Sage Weil <sage@xxxxxxxxxxxx> · Wed, 4 Dec 2019 00:12:27 +0000 (UTC)

On Wed, 4 Dec 2019, Paul Cuzner wrote:
> Interesting discussion - but I don't want to lose sight of the original
> questions
> 
> ceph-deamon make several deployment decisions at the moment that differs
> from existing deployment patterns. This is the first point that I wanted to
> raise.
> - it assumes that from Octopus onwards, the only deployment pattern we
> provide is container only.
> - it places all of Ceph's files (config and data) within /var/lib. In the
> past even with containers, we've still used /etc for config to align with
> FHS and, since the OS is package based, config from other packages adheries
> to FHS anyway - which makes Ceph different.
> - it uses fsid in path names and container names, just in case users want
> to run multiple ceph clusters on the same machine. IMO this adds
> complication to 100% of deployments, that may benefit 5% of the user base
> (numbers plucked out of the air on that one!)
> 
> Perhaps, all of these design points trace back to a single idea - support
> multiple ceph clusters on the same set of machine(s). Is this the goal?
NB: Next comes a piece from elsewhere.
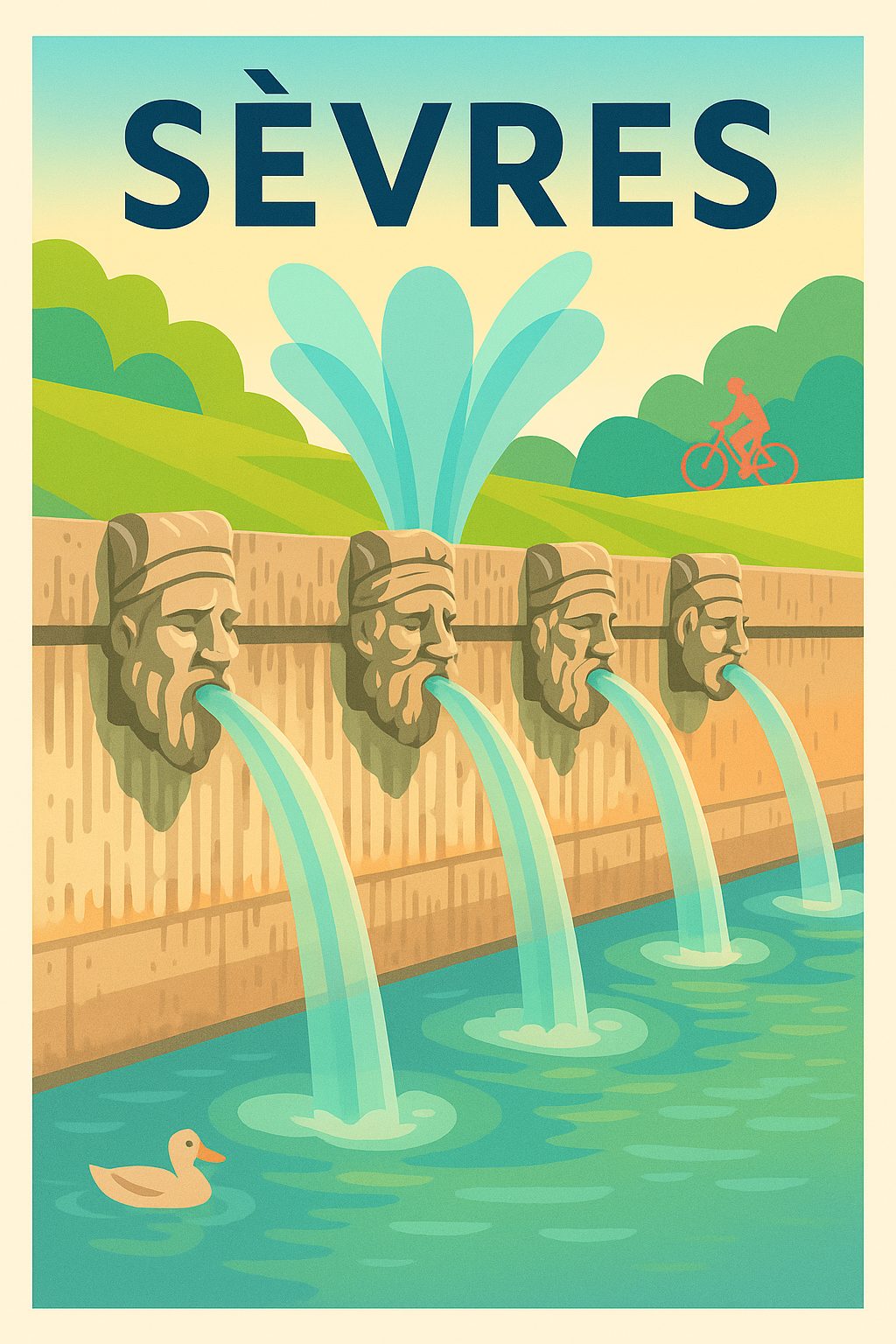 Affiche Sèvres — Fontaine et nature en harmonie · poster d'art de Sèvres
Is
> this want Ceph users want?

It was one of my goals.  A few reasons:

- It's easy and clean.
- These users do exist.
- When we deprecated this behaviour before, our justification was "you 
should be using containers".  Well, here we are.
- Rook allows this (with the (current) caveat that you can't put mons from 
multiple clusters on the same host/IP if they're using default 
ports).
- The paths for rook are also convoluted like this, nested under 
the kubernetes namespace name.
- The pain of weird paths is mitigated when you use enter a containers (or 
use the shell container).
- tab-completion works both for path names and systemd service names.  
Also, ceph-daemon shell and similar commands will figure out the fsid 
themselves when there is a single cluster on the host.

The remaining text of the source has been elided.